Telehealth and the Community SMI Population Reflections on the Disrupter Experience of COVID-19 Rachel M. Talley, MD,*† Mary F. Brunette, MD,*‡ David A. Adler, MD,*§ Lisa B. Dixon, MD, MPH,*|| Jeffrey Berlant, MD, PhD,*¶# Matthew D. Erlich, MD,*|| Beth Goldman, MD, MPH,* Michael B. First, MD,*|| Steve Koh, MD, MPH, MBA,*** David W. Oslin, MD,*††† and Samuel G. Siris, MD*‡‡

Abstract: The novel coronavirus pandemic and the resulting expanded use of telemedicine have temporarily transformed community-based care for individuals with serious mental illness (SMI), challenging traditional treatment paradigms.
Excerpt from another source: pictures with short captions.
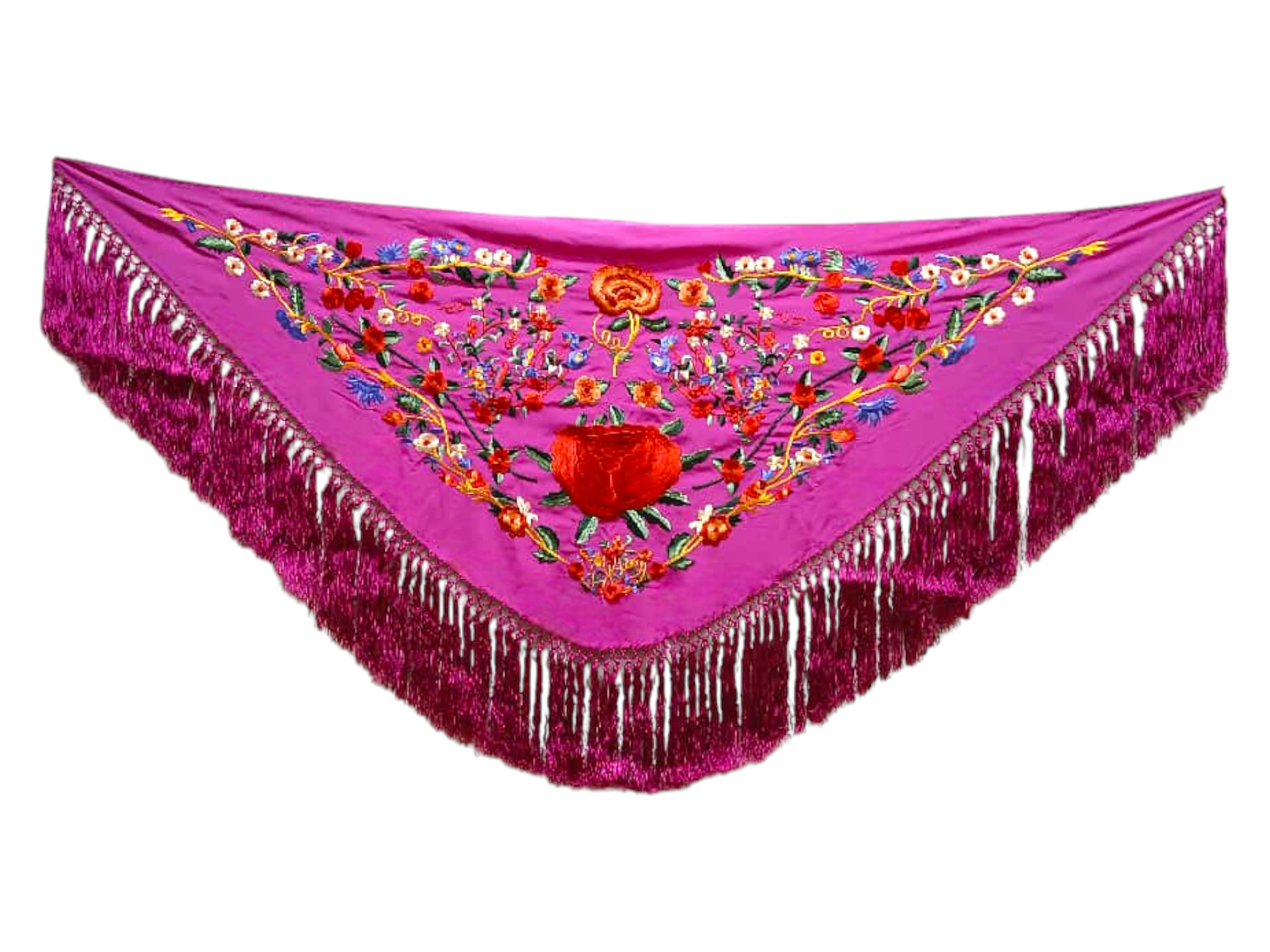 Châle flamenco brodé de fleurs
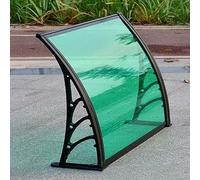 Polycarbonate Door Canopy 2.5mm Thick Impact-Resistant Awning for Entrance UV Protection & Rain Shield Includes Hardware (100x200cm/39x79)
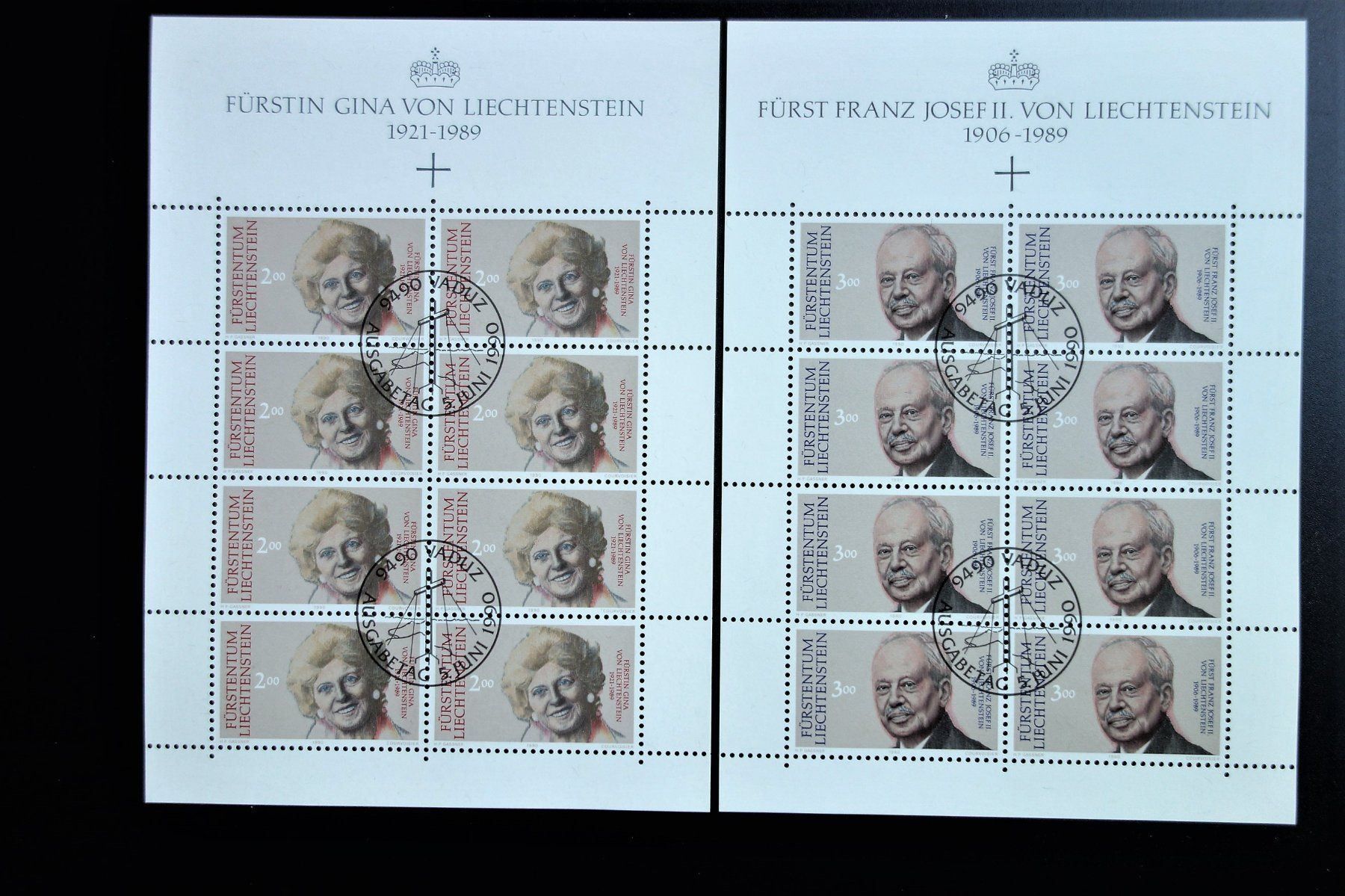 Tutti i francobolli: 1990 2 Kleinbögen Trauermarken ET – Nuovo (secondo la descrizione) da Mettmenstetten venduto da Sutasso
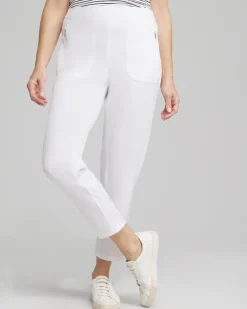 Sale Zenergy® UPF Ribbed Side Ankle Pants Pants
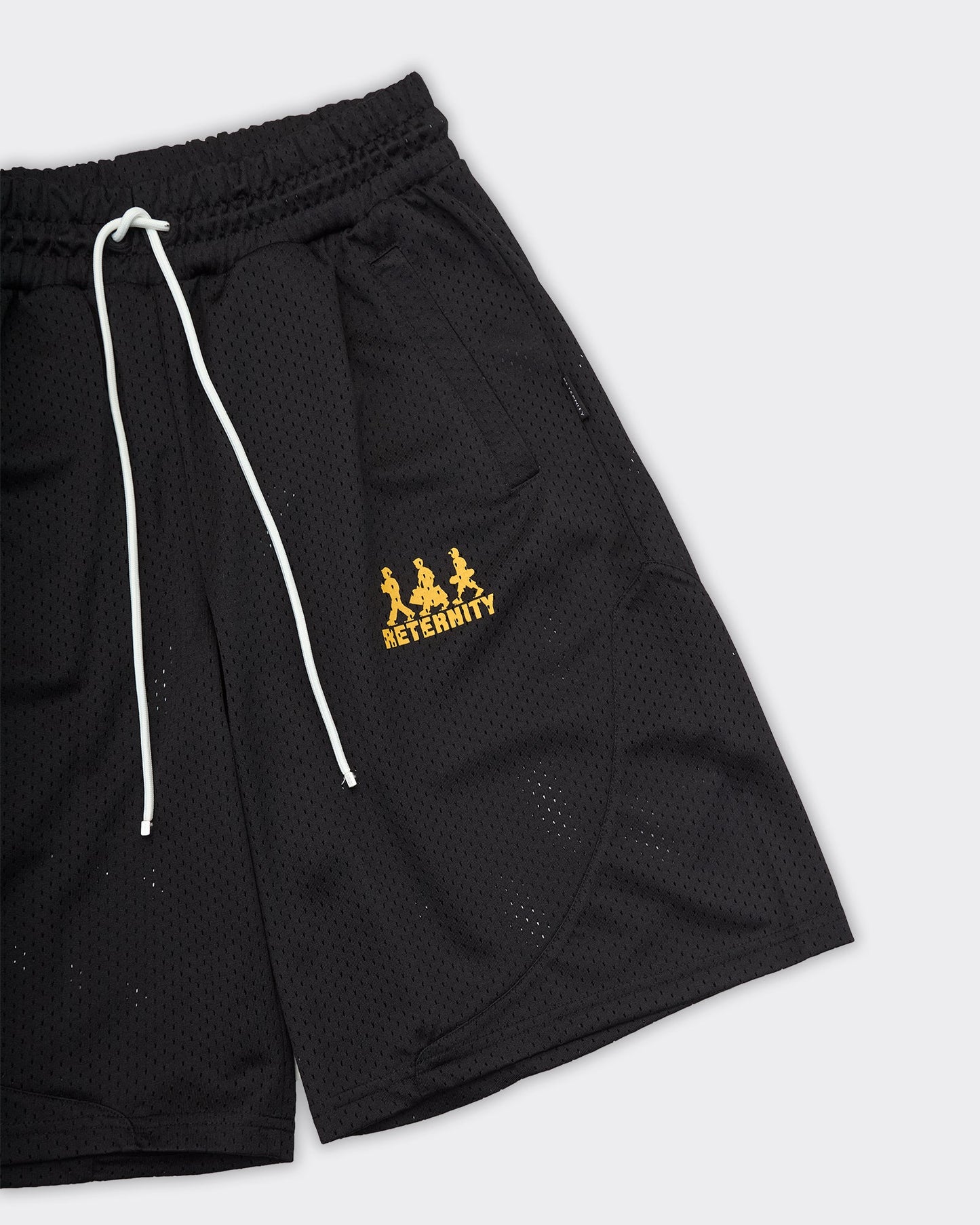 Short Mesh Creative Dept Logo Nero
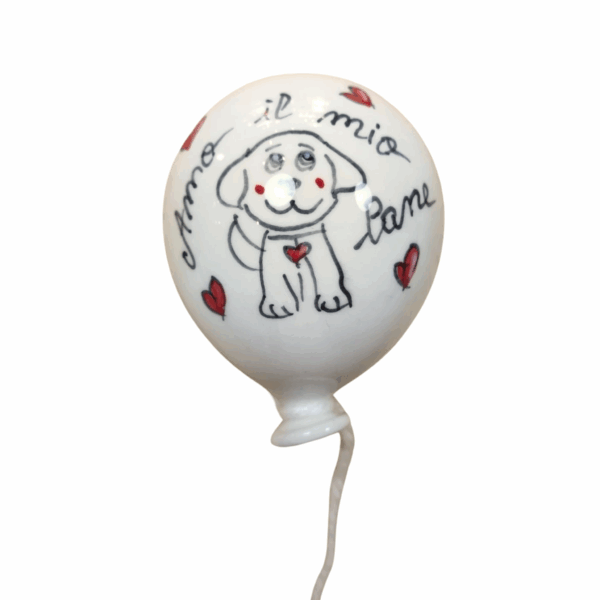 palloncino ceramica dipinto a mano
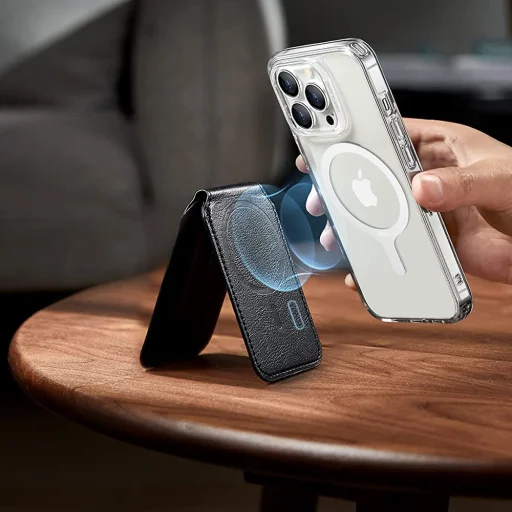  Samsung és iPhone Fehér ESR HaloLock adapter (2 darabos) - Kompatibilis MagSafe vezeték nélküli töltéssel, univerzális telefontartó - 4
We review the rapid regulatory and practice shifts that facilitated broad use of telemedicine, the literature on the use of telehealth and telemedicine for individuals with SMI supporting the feasibility/acceptability of mobile interventions, and the more limited evidence-based telemedicine practices for this population. We provide anecdotal reflections on the opportunities and challenges for telemedicine drawn from our daily experiences providing services and overseeing systems for this population during the pandemic. We conclude by proposing that a continued, more prominent role for telemedicine in the care of individuals with SMI be sustained in the post-coronavirus landscape, offering future directions for policy, technical assistance, training, and research to bring about this change. Key Words: Service delivery in community-based care, expansion of telemedicine use, practice adaptations to the COVID-19 pandemic (J Nerv Ment Dis 2020;00: 00–00)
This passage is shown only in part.